What’s more, he gives Tom Lasorda a leadoff man at last, one not only as catalytic and swift as Steve Sax used to be, but one who knows how to take ball four on occasion and who, in the manner of Barry Bonds and Rickey Henderson, also knows how to tag the ball clean out of the yard. Those 26 home runs he whacked in 1987 came in only 108 games, folks. That’s a 39-tater pace for a guy who also happened to hit .334 that season.
We are not sure how eagerly Dodger management pursued Henderson and Lenny Dykstra and others of their ilk, but evidently they did listen when the Reds, making like a certain Long Beach car dealer, sang out to them: “If you want a better deal, go see Kal.”
Trouble is, Daniels has knee trouble. Lots and lots of knee trouble. And, with the bad gams of Kirk Gibson, combined with the chronic ailments of Mike Marshall, combined with the current ouches of Chris Gwynn, combined with the contact struggles of John Shelby and Jose Gonzalez, the Dodger outfield tends to look more and more like a dispensary for the infirm and inadequate.
General Manager Fred Claire made a reference in the press box Sunday to the “unpaid consultants” who pelt him with advice about trading for Wade Boggs and such, so, taking the hint, we would hate to be presumptuous by suggesting that the Daniels’ gamble won’t pan out. Hell, you know how much trouble you can get in prejudging anybody from Cincinnati.
Let us just say, then, that the Dodgers did exactly what they had to do--namely, dealing for a hitter who was simply too promising to resist. Kal Daniels has Hall of Famer written all over him. He has Mickey Mantle’s ability and legs.

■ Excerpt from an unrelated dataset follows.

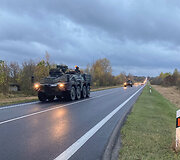 Lietuvos ir sąjungininkų kariai nuo pat ryto intensyviai tęsia judėjimą į Gen. Silvestro Žukausko poligoną Pabradėje.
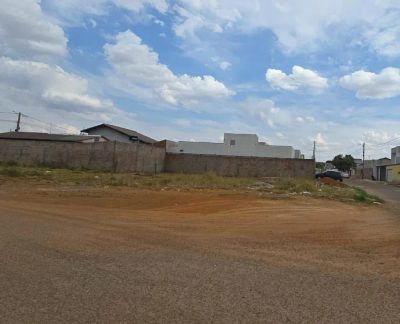 Loteamento e Condomínio, 250 m² - Foto 1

As an Air Force brat, bounced from town to town as a child, the hitter to whom Kalvoski Daniels took a liking was an older gentleman, name of Ted Williams. Kal got hold of the Splendid Splinter’s instructional book on the science of hitting, and simply could not put it down. He immediately proclaimed Williams and Reggie Jackson his heroes, and fully expected to have his name linked with theirs forever.

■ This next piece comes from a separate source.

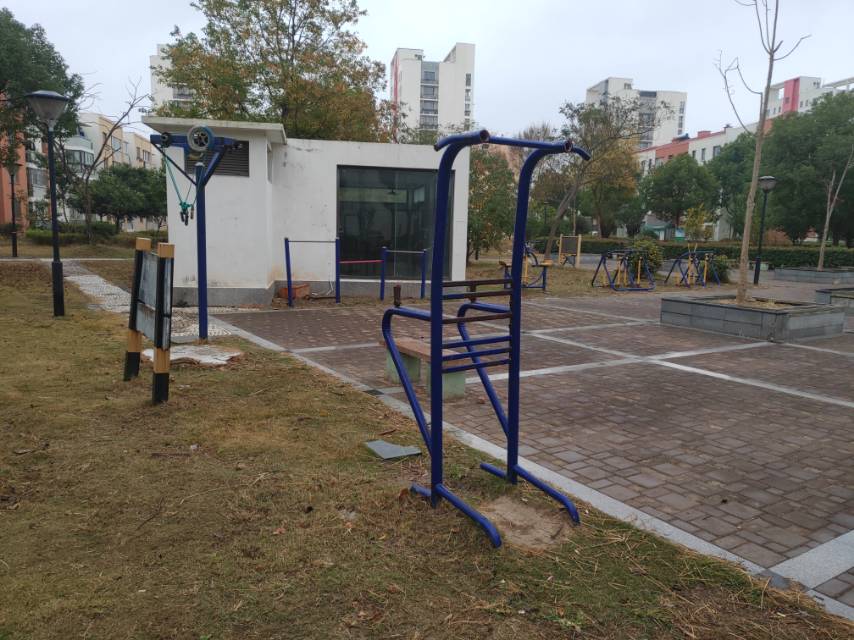 云帆苑居委健身點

“They’re the past,” Daniels said in a 1987 interview, “and I’m the future.”
A month away now from his 26th birthday, Kal is still a kid, in many ways, who is still every bit as mercurial as he was from Little League on. Once, at that age, a teammate’s face was bloodied by a bad-hop grounder, and next day Daniels warned the adults that he was going home if they didn’t have somebody drag that infield to make it smoother. Somebody did.

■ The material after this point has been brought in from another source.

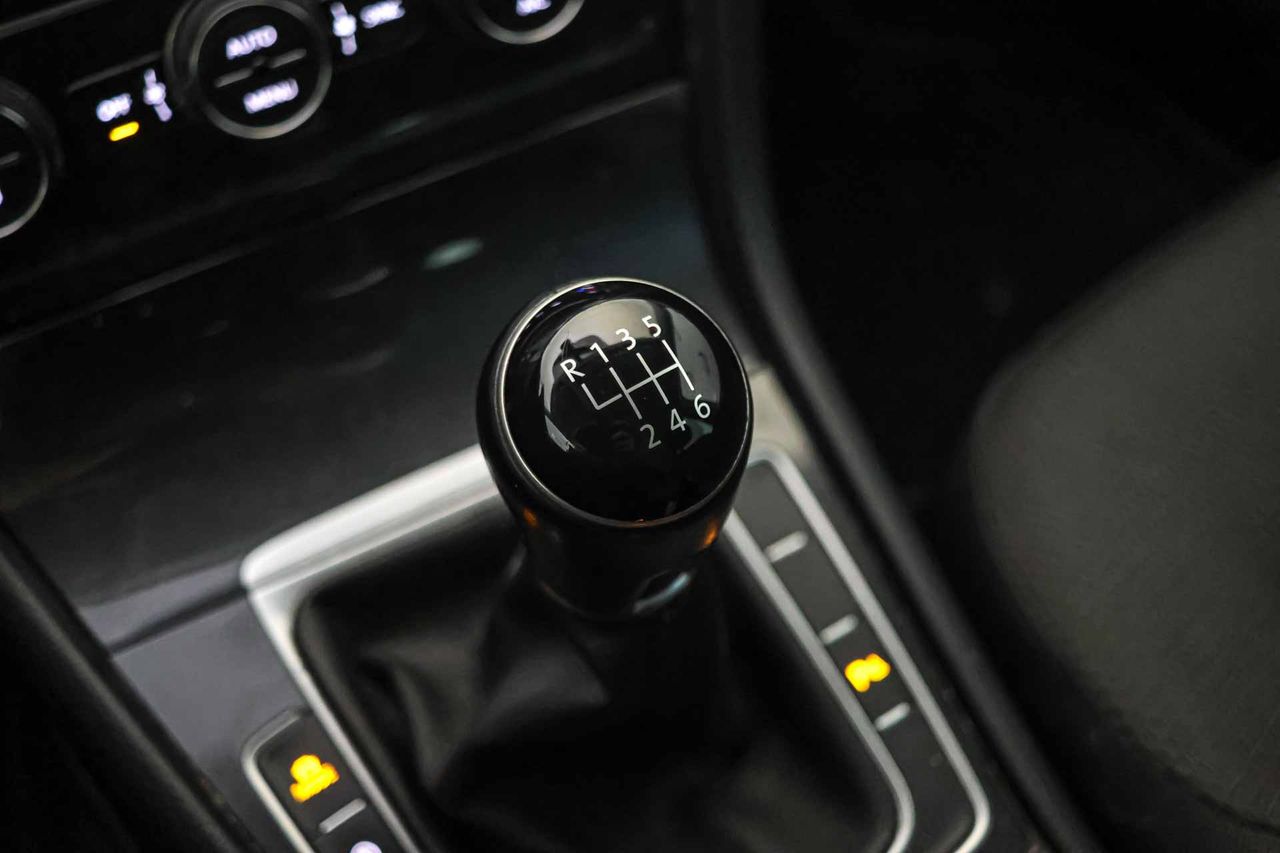 Volkswagen Golf Advance 1.5 TSI EVO 96kW (130CV) - Foto 27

In a junior college game one day in Georgia, Daniels was on first base with two out, and ticked off at being denied permission to steal second. When the batter popped up, Daniels jogged around the bases. When the pop-up fell, Kal, who could have scored, was barely heading into third.
Oh, sure, kids pull this sort of thing all the time, but Daniels’ desire has come into question at Cincinnati as well, as when he reportedly approached Pete Rose before a doubleheader and asked: “Which game do you want me to play?” While his knee problems are very real, the Reds sometimes wondered about Daniels’ willingness to play hurt, just as Dodger radio announcer Al Downing did recently with regard to Mike Marshall.
Certainly nobody questions the devotion to duty of Kirk Gibson, who more than once has demonstrated, in word and deed, his devotion to duty. The Dodgers, though, are putting even more strain on Gibson’s aches and pains by playing him in center field, and that’s why it still hurts a bit that they couldn’t use Tim Leary as bait to land a center fielder.
Let us be hopeful, then, that Kal Daniels turns out to be more splendid than splintered, and that he makes the most of a sweet, sweet swing that Ted Williams would have been proud to call his own. And let it be said that as long as the Dodgers are willing to take a chance, the least we unpaid consultants can do is give them a chance.